More than seven weeks after Charleston County Council first decided the salaries of top employees should be disclosed by name on the county's website, the county on Friday posted the information.

Also Friday, the county fulfilled a more than seven-week-old public information request from The Post and Courier for salaries of all county employees.

Charleston County now has posted the salaries of the 435 employees who earn $50,000 or more. has published what the county pays all 2,676 employees.

The county's decision to post at least some salary information, as a step toward greater budget transparency, follows similar steps taken years ago by the state government. Some local South Carolina governments have gone another step, such as the city of Charleston, which posted all of its employee pay information online in March, a week after the initial County Council decision.

The county and the city, like many local governments, now also post online their budgets, monthly expenses, and annual audits.

County Councilman Paul Thurmond, who is running for Congress, first proposed that the county put salary information on the county's website. Some council members had concerns about his plan, and the council eventually decided to only post the salaries of those earning $50,000 or more, as the state government does.

The council also decided to let the elected officials who run some county offices decide whether to opt out of the public disclosure. None of them did, but when The Post and Courier posted some of the county's salary information online in March, there was a backlash against the county administration for releasing the information promptly.

The newspaper had requested all of the county's salary information, which it did not receive until Friday, but the newspaper was promptly given partial salary information March 12, and it was the release of that public information that prompted what County Council members have said were complaints from other elected officials.

Council Chairman Teddie Pryor said April 1 that he personally directed County Administrator Allen O'Neal to not immediately fulfill the newspaper's request for the remaining salary information.
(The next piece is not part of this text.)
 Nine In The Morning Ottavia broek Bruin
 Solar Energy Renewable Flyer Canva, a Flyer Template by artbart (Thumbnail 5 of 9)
"We had elected officials upset because they felt they weren't notified when they released the information (in March)," Pryor said last week. "They felt they weren't warned fairly, in time to warn their employees."

To learn just how upset the elected officials were, and why, The Post and Courier has requested all of the correspondence and e-mails to and from the county administrator and public information officer on that subject.

The county has said the disclosure of salary information has resulted in questions from some employees about what they are paid relative to co-workers.

The county is considering conducting a salary review in response.